*** Dataset records ***
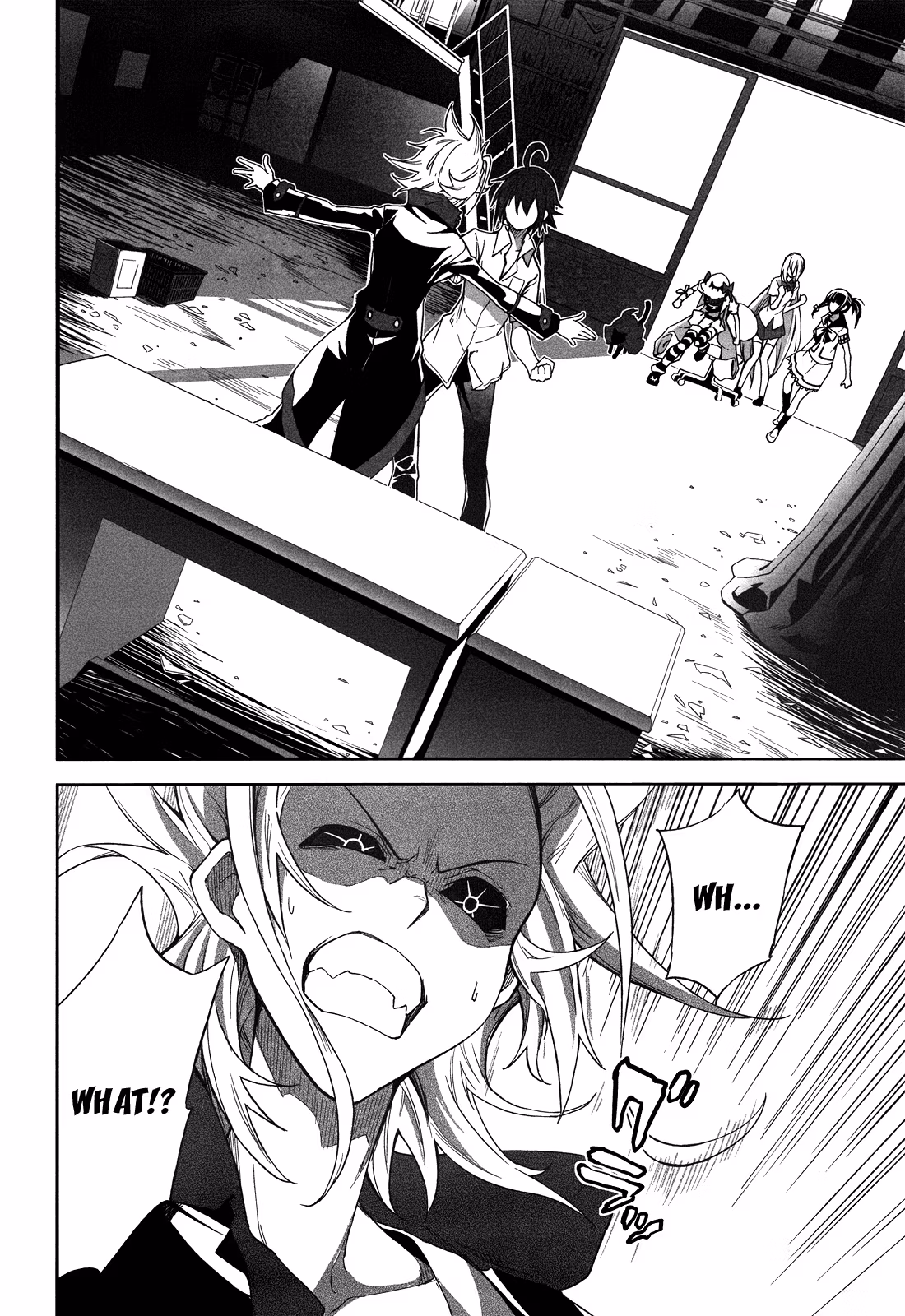 Dream Eater Merry Chapter 10 page 24 - 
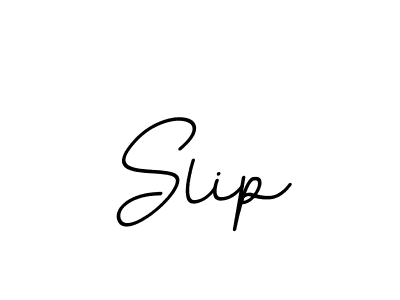 How to Draw Slip signature style? BallpointsItalic-DORy9 is a latest design signature styles for name Slip. Slip signature style 11 images and pictures png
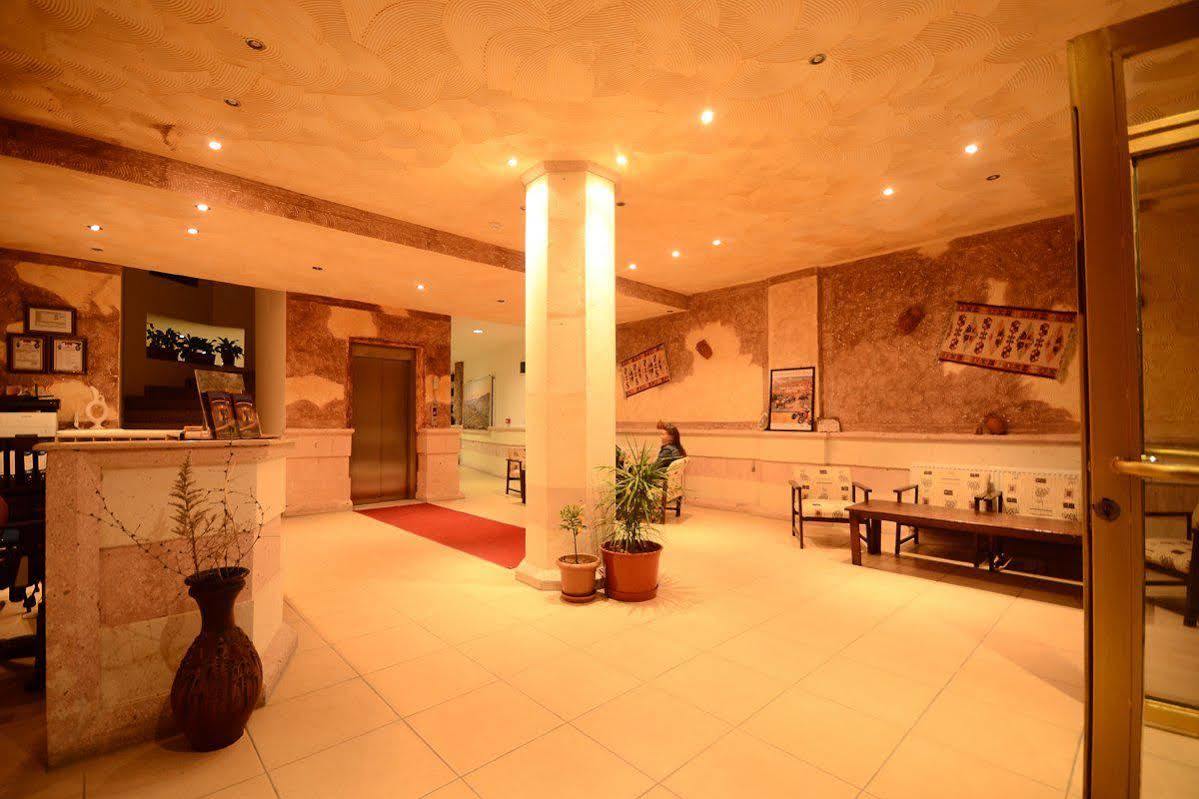 Matiasos Hotel ギョレメ エクステリア 写真
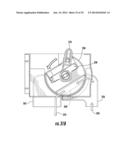 LAYERING OF LOW THERMAL CONDUCTIVE MATERIAL ON METAL TRAY diagram and image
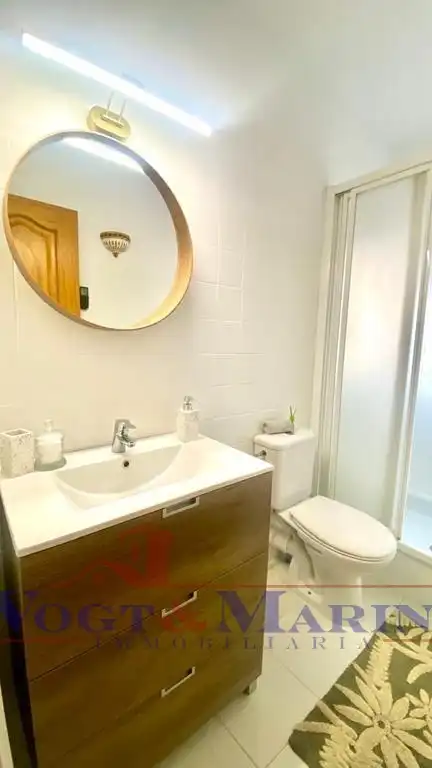 Bany de Casa o xalet en venda en Roses amb Aire condicionat, Calefacció i Jardí privat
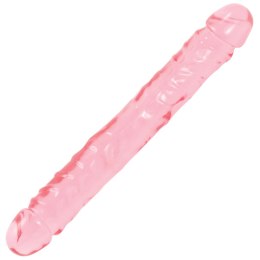 Doc Johnson - Podwójne, długie dildo Junior 30 cm Doc Johnson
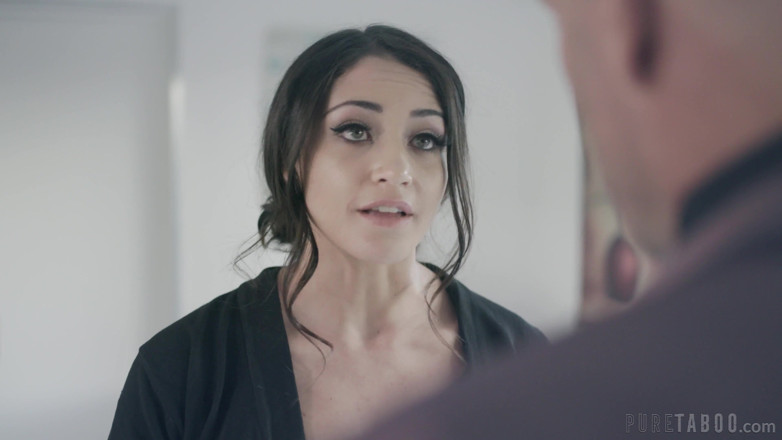 Pure Taboo: Tabu murni avi love mengikuti pria kaya ke sarang seks...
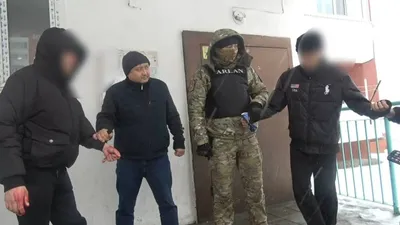 ШҚО-да психотроптық заттарды буып-түюмен айналысқан күдіктілер ұсталды, сурет - Zakon.kz жаңалық 27.02.2026 16:22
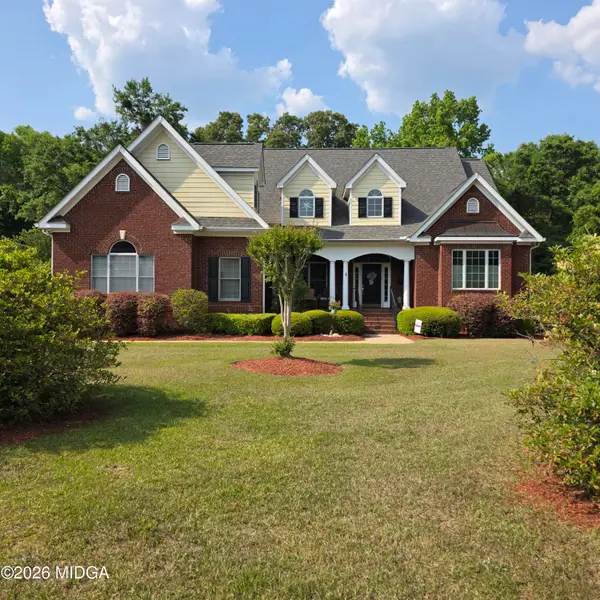 501 Litchfield Drive, Macon, GA 31220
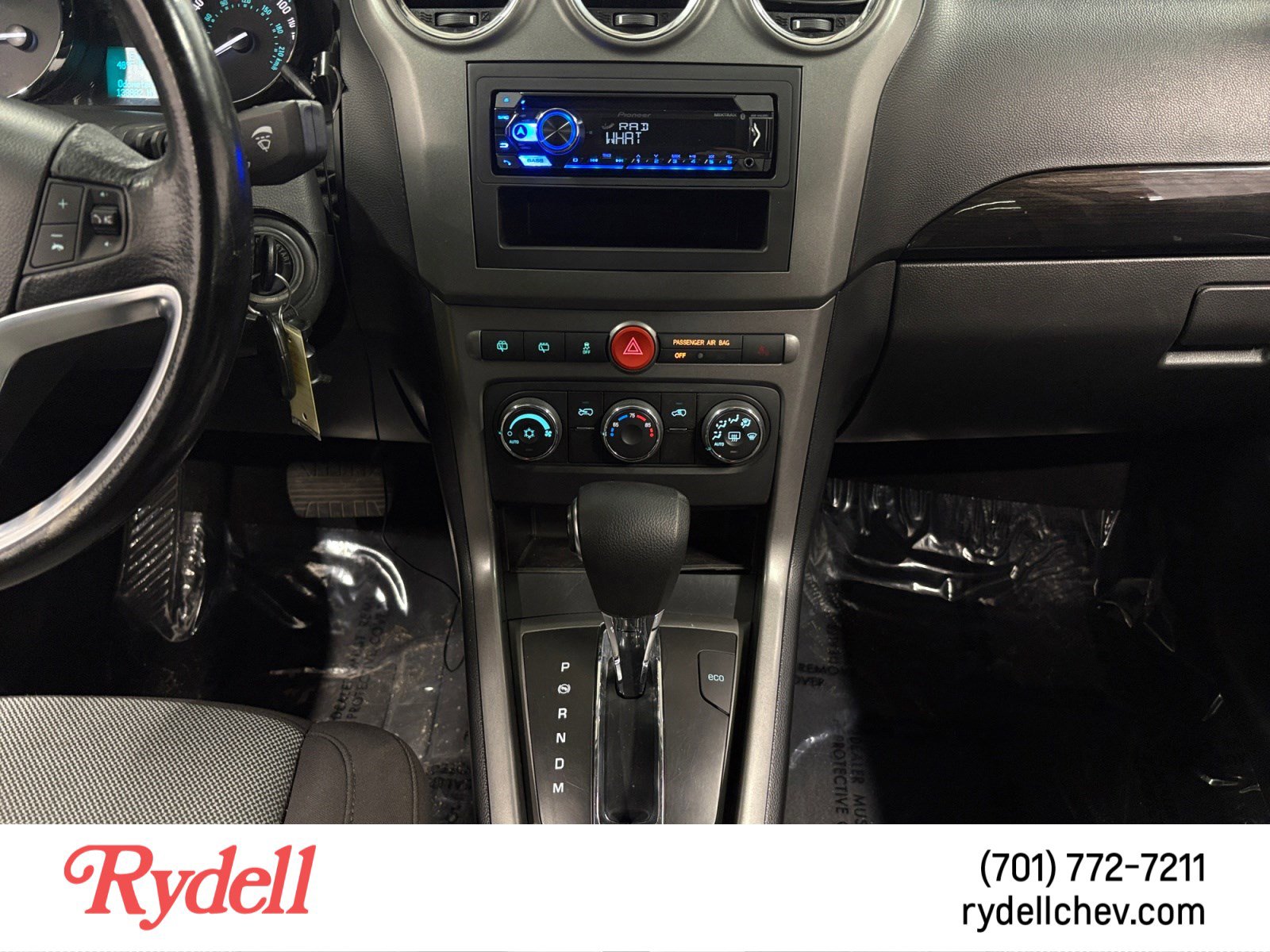 Used 2014 Chevrolet Captiva Sport LS FWD image 15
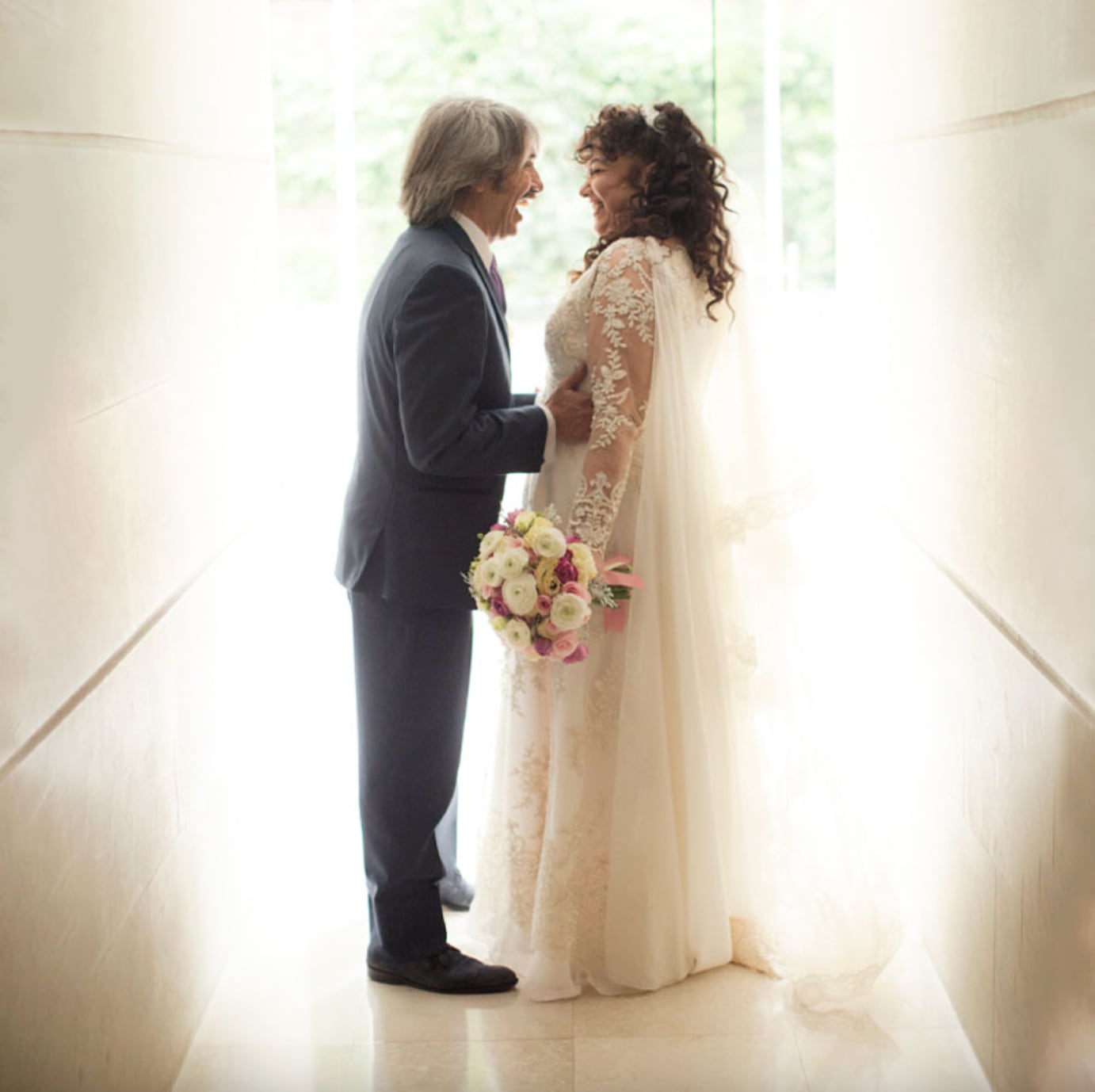 Amanda Miguel y Diego Verdaguer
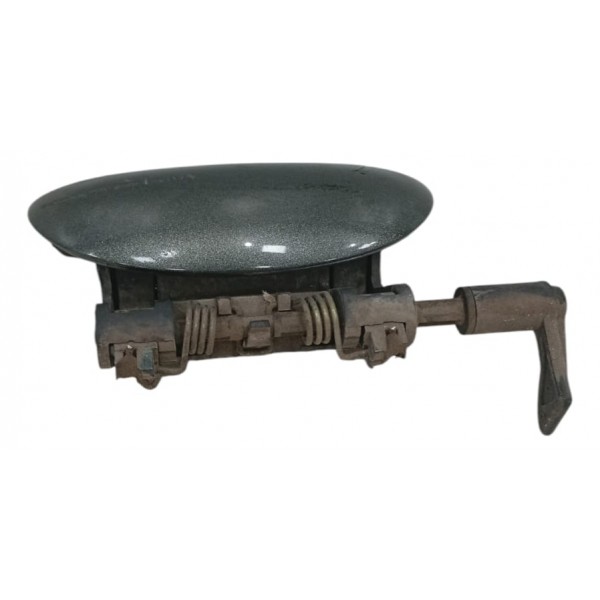 Maçaneta Externa Peugeot 207 2009 Traseiro Direito Traseira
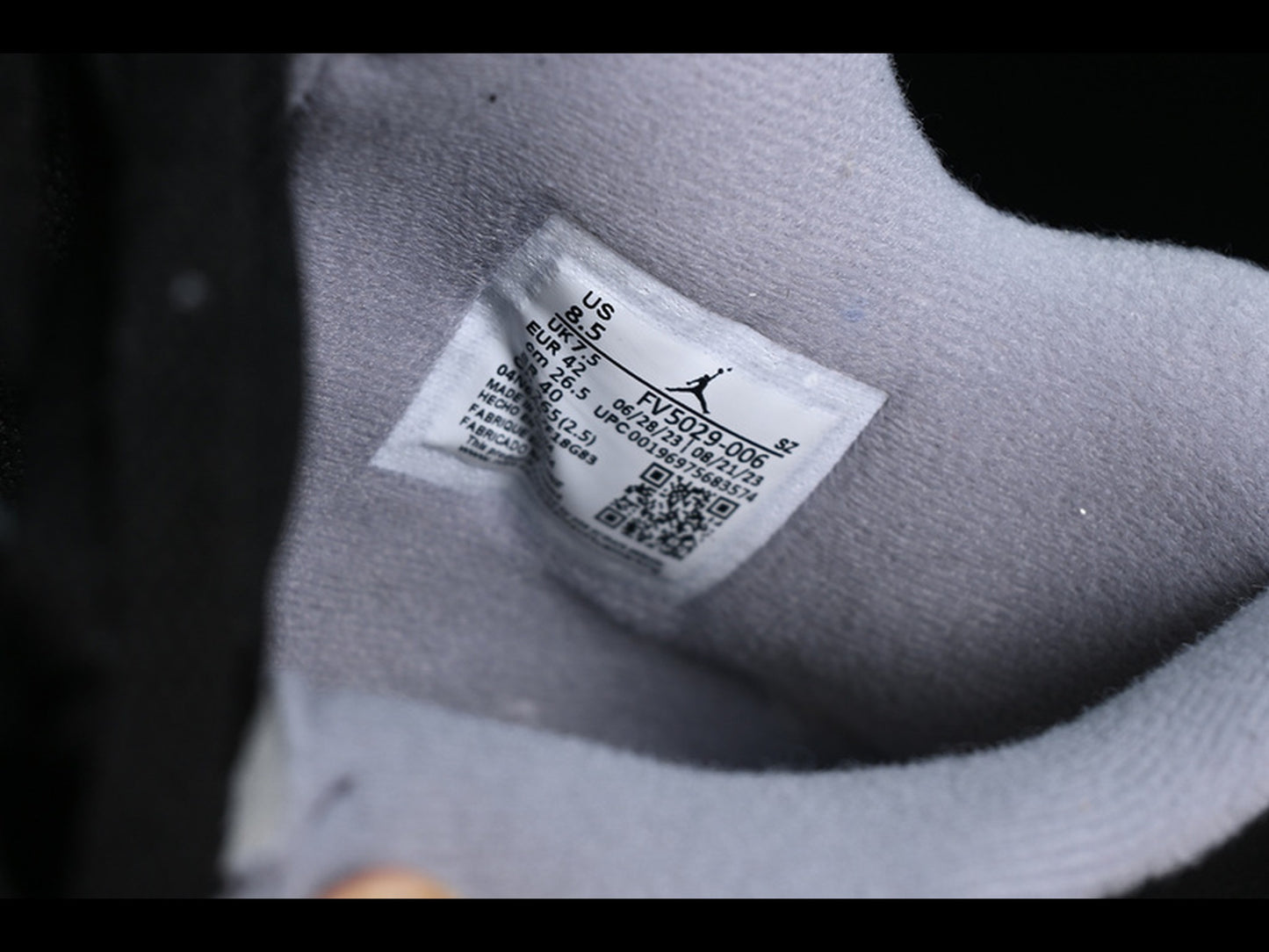 Jordan 4 Retro Bred Reimagined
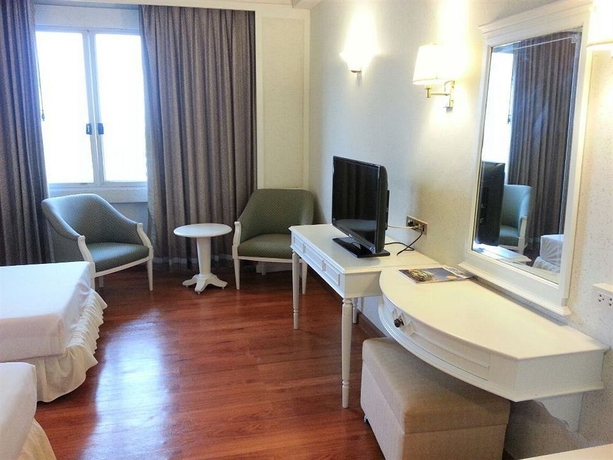 Imagen de los interiores del Hotel Wangtai. Foto 14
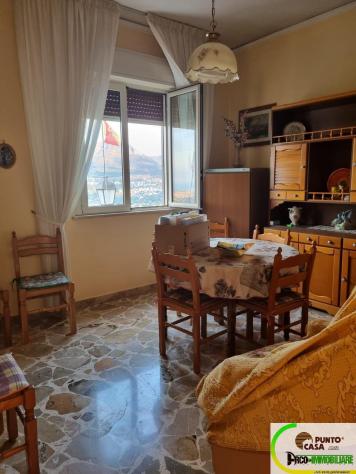 Monreale, adiacenze piazza,vendesi 4 vani, buono stato, panoramico - Foto 5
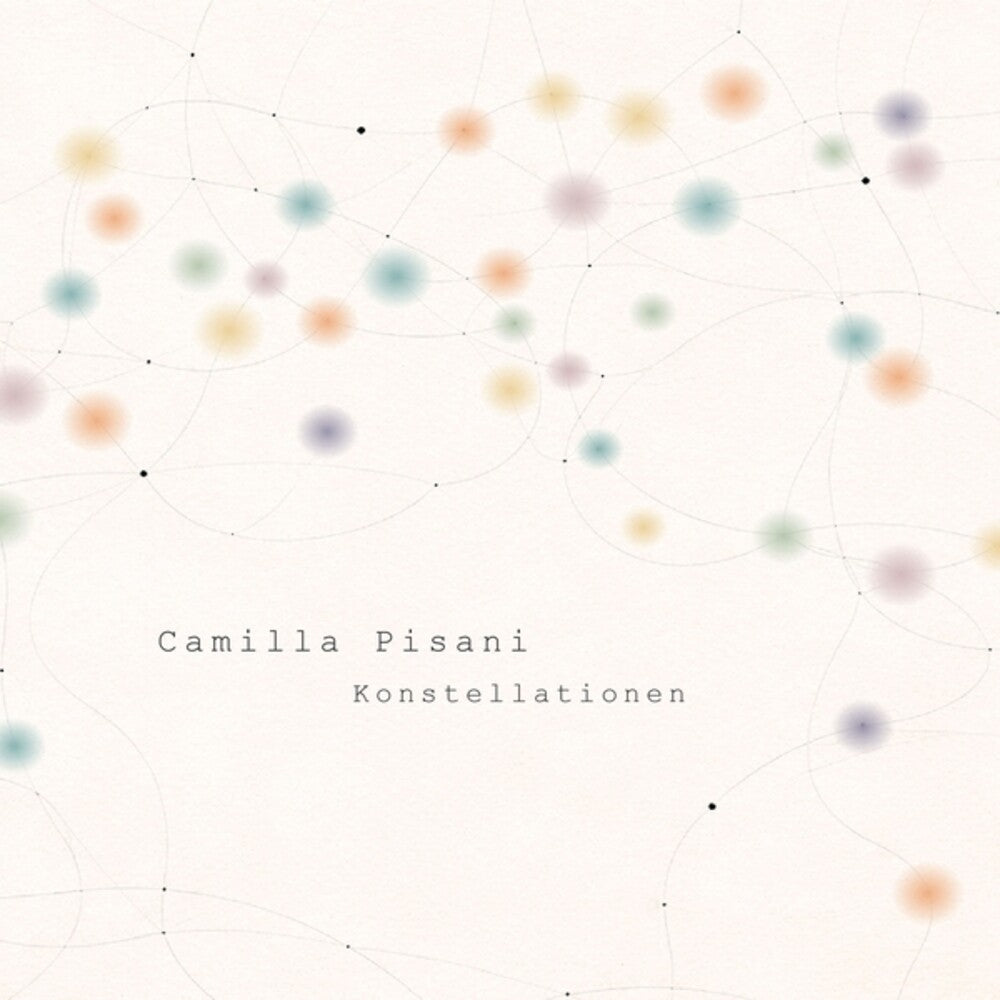 Camilla Pisani - Konstellationen [CD]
*** End of Dataset records ***
**Task:** What is needed is an exact retyping of the lines from the start of the data through the line with "Pure Taboo: Tabu", with both end lines kept and every picture left out.

**Expected answer:**
 Dream Eater Merry Chapter 10 page 24 - 
 How to Draw Slip signature style? BallpointsItalic-DORy9 is a latest design signature styles for name Slip. Slip signature style 11 images and pictures png
 Matiasos Hotel ギョレメ エクステリア 写真
 LAYERING OF LOW THERMAL CONDUCTIVE MATERIAL ON METAL TRAY diagram and image
 Bany de Casa o xalet en venda en Roses amb Aire condicionat, Calefacció i Jardí privat
 Doc Johnson - Podwójne, długie dildo Junior 30 cm Doc Johnson
 Pure Taboo: Tabu murni avi love mengikuti pria kaya ke sarang seks...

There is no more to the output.